Plastic bottles may offer cheap solution
Scientists at Switzerland’s Federal Institute for Environmental Science and Technology have been promoting solar water disinfection using an inexpensive plastic bottle as one way to combat the spread of waterborne diseases for over a decade.
Waterborne diseases are the biggest threats to the lives of the recent tsunami survivors, according to the World Health Organisation (WHO), based in Geneva, Switzerland. It estimated that up to 150,000 people could face outbreaks of cholera, typhoid and dysentery, along with diarrhoea. Every year, some 1.6 million diarrhoeal deaths related to unsafe water, most of them children under the age of five.
Solar water disinfection or Sodis, is already in use in 20 countries, and is a cheap alternative to expensive water purification systems. People can clean water in clear plastic bottles by filling them, shaking them and then leaving them in the sun for at least six hours, if possible on a sheet of corrugated iron or a roof.
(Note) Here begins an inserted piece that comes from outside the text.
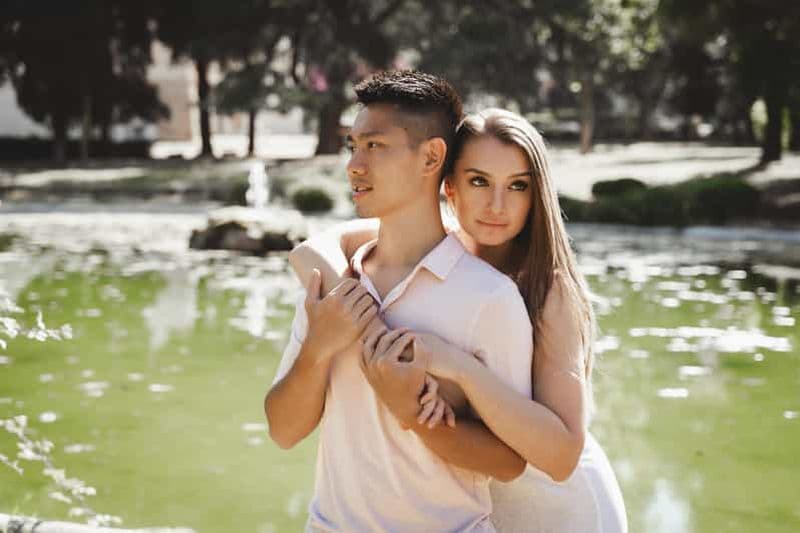 Billet Rome : Photos de couple romantique à la Villa Borghese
Radiation from sunlight and the increased temperature of the water are enough to kill many forms of bacteria and viruses.
The Swiss Agency for Development and Cooperation (SDC) recommended the use of the system in the areas affected by the tsunami where no proper water treatment system were in operation before. Sodis projects are underway in other Asian countries, including India, Sri Lanka and Thailand, not in any areas struck by the tsunami, but some are close to the disaster zones.